School of Pharmacy, Sungkyunkwan University, Suwon, Gyeonggi-do, South Korea.
PLoS One. 2018 Sep 18;13(9):e0204018. doi: 10.1371/journal.pone.0204018. eCollection 2018.
Polypharmacy is associated with adverse drug reactions and represents an economic burden on the health insurance system. The objective of our study was to assess the trends in polypharmacy and its associated factors in South Korea. This cross-sectional study used a nationwide sampled database between 2002 and 2013, including outpatients of all ages who received at least 1 prescription in the same period. Polypharmacy was defined as the concomitant prescription of ≥6 distinct medications on a single prescription at least once without a given duration. The yearly prescribing trends were calculated and plotted. We conducted comparative analyses to identify the changes in social gradients of polypharmacy between the first 2 years, 2002‒2003, and the final 2 years, 2012‒2013. We repeated logistic regressions for pediatrics <20 years of age and adults ≥20 years of age to estimate the adjusted odds ratios (aOR) and 95% confidence intervals (CI). The distributions of polypharmacy in the respective periods were examined according to patient economic status (0 = most deprived and 10 = most affluent). The age-standardized prevalence of polypharmacy decreased from 65.8% in 2002 to 43.7% in 2013. Our study included 1,108,298 outpatients throughout 2002-2013. Pediatric patients aged 1-9 years had the highest number of medications among all age groups (mean: 5.1 ± 1.1 in 2002-2003 vs. 4.1 ± 1.1 in 2012-2013) in both periods. Changes in the association between deprivation and polypharmacy over 10 years were observed in adults (aOR = 0.68; 95% CI = 0.62-0.75 in 2002-2003 vs. 1.60; 95% CI = 1.54-1.66 in 2012-2013) and pediatrics (aOR = 0.60; 95% CI = 0.52-0.68 in 2002-2003 vs. 1.07; 95% CI = 1.01-1.14 in 2012-2013) compared with those in the most affluent patients. The high level of polypharmacy in pediatric patients is a public health concern that warrants policymaker attention.

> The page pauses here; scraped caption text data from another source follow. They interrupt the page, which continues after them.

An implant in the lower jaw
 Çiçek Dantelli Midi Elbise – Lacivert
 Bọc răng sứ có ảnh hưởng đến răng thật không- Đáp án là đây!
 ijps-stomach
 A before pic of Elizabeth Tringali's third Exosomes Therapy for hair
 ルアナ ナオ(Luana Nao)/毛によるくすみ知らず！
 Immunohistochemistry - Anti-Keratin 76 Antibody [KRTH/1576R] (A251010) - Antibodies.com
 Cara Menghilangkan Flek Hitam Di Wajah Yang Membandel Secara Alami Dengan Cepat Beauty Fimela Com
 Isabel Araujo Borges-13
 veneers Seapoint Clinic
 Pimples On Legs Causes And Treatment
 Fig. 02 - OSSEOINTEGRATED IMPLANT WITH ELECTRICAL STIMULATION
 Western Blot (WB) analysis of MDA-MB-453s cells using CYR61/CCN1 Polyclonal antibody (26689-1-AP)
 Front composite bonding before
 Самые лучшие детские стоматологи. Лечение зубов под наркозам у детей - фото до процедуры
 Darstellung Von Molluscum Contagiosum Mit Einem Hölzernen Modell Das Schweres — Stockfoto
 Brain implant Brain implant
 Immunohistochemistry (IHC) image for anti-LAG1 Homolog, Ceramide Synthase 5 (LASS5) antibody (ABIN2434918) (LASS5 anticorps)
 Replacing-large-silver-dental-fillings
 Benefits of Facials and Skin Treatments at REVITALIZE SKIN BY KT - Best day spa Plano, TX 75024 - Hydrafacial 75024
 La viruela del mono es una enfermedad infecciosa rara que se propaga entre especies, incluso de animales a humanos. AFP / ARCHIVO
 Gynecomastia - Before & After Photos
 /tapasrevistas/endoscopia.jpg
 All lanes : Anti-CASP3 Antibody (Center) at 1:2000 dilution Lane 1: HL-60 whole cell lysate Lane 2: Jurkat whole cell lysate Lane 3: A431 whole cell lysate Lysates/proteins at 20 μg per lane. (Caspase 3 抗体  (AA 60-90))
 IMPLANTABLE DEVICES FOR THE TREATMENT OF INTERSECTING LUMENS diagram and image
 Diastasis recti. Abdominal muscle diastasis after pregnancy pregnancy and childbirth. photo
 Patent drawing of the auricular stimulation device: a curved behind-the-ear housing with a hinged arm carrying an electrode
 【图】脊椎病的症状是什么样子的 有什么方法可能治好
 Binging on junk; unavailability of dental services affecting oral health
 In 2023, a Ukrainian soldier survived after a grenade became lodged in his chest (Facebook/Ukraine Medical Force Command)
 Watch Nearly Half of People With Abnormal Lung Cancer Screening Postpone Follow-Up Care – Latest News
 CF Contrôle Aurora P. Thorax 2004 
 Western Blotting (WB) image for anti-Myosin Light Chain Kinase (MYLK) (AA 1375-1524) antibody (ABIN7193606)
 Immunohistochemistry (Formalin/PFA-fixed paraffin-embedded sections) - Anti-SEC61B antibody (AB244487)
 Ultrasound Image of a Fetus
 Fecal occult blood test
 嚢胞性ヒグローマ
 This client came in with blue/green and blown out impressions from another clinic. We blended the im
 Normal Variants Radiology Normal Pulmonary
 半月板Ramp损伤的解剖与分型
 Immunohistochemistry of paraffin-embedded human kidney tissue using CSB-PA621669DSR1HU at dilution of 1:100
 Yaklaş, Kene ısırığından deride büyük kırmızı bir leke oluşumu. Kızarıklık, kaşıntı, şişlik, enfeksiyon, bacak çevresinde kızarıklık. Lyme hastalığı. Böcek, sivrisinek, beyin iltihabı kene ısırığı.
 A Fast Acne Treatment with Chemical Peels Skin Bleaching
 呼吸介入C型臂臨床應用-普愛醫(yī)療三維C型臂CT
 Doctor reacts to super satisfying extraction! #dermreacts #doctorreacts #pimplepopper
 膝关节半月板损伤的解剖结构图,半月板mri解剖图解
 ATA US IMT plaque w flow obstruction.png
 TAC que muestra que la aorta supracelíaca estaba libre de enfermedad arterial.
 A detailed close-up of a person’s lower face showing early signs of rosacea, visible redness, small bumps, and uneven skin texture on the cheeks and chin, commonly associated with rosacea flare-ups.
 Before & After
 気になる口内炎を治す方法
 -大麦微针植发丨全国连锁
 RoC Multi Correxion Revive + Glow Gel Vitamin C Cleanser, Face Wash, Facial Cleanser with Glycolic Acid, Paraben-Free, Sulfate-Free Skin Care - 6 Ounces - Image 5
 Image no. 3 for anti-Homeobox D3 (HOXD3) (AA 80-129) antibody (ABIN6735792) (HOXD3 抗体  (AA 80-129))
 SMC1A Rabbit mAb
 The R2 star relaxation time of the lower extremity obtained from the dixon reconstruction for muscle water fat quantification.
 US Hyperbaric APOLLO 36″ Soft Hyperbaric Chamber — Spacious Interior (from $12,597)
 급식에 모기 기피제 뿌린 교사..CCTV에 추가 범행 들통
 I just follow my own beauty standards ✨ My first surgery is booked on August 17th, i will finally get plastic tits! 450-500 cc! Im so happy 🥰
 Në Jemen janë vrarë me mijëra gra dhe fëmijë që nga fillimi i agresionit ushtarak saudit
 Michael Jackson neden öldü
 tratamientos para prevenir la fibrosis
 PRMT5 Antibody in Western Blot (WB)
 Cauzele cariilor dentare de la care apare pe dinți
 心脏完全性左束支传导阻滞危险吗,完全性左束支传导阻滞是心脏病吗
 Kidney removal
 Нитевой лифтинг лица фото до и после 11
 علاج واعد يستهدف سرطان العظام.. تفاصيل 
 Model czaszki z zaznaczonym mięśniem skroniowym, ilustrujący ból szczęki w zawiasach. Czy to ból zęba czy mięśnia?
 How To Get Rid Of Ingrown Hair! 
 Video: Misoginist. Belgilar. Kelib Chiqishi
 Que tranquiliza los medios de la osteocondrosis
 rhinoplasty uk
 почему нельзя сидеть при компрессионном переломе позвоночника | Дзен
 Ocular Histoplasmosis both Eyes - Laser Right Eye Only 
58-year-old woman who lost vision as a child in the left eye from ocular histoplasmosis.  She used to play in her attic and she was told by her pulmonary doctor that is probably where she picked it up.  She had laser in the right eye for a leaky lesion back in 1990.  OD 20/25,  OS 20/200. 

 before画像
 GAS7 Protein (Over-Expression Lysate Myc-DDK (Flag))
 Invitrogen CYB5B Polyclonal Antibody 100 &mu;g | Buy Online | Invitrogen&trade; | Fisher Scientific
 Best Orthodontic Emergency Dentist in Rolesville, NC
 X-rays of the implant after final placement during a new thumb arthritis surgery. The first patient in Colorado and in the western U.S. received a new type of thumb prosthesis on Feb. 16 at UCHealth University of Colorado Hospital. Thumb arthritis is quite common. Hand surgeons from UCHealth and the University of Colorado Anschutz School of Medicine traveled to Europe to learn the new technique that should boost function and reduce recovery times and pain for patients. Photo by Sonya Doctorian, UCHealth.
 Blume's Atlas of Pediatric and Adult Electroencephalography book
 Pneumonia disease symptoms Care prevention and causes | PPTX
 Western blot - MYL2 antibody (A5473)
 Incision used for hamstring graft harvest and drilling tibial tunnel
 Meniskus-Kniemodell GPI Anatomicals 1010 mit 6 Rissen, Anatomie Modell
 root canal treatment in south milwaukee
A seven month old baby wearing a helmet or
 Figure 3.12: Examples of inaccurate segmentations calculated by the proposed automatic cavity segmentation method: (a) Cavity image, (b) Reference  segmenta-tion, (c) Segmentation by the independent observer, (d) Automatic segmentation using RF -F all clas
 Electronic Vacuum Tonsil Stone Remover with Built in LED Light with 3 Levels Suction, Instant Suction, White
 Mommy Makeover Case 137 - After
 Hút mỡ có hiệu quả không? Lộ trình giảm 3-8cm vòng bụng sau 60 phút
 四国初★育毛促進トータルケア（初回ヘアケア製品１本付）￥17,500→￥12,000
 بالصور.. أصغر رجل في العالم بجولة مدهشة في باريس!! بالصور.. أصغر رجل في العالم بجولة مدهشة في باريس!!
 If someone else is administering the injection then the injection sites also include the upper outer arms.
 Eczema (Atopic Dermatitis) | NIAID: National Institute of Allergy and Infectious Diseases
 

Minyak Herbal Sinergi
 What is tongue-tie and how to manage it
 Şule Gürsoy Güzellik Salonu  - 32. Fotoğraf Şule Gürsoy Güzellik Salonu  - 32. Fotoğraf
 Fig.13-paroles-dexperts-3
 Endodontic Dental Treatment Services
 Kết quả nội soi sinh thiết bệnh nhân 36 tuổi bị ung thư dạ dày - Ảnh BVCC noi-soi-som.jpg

多药治疗与药物不良反应有关,也代表了医疗保险体系的经济负担。我们的研究目的是评估韩国多药治疗及其相关因素的趋势。这项横断面研究使用了 2002 年至 2013 年期间的全国抽样数据库,包括同期至少接受一种处方的所有年龄段的门诊患者。多药治疗定义为在同一张处方上同时开具≥6 种不同药物,且无特定持续时间。计算并绘制了每年的处方趋势。我们进行了比较分析,以确定 2002-2003 年的前 2 年和 2012-2013 年的最后 2 年之间多药治疗社会梯度的变化。我们对 20 岁以下的儿科患者和 20 岁以上的成年患者重复进行了逻辑回归,以估计调整后的优势比 (aOR) 和 95%置信区间 (CI)。根据患者的经济状况 (0=最贫困,10=最富裕),检查了各时期多药治疗的分布情况。2002 年,多药治疗的标准化患病率为 65.8%,到 2013 年降至 43.7%。我们的研究包括 2002-2013 年期间的 1108298 名门诊患者。1-9 岁的儿科患者在所有年龄组中使用的药物最多(2002-2003 年平均:5.1±1.1 vs. 2012-2013 年平均:4.1±1.1)。在成年人 (aOR=0.68;95%CI=0.62-0.75 在 2002-2003 年 vs. 1.60;95%CI=1.54-1.66 在 2012-2013 年)和儿科患者 (aOR=0.60;95%CI=0.52-0.68 在 2002-2003 年 vs. 1.07;95%CI=1.01-1.14 在 2012-2013 年)中观察到,与最富裕的患者相比,多药治疗与贫困之间的关联在过去 10 年中发生了变化。儿科患者中高水平的多药治疗是一个公共卫生问题,值得决策者关注。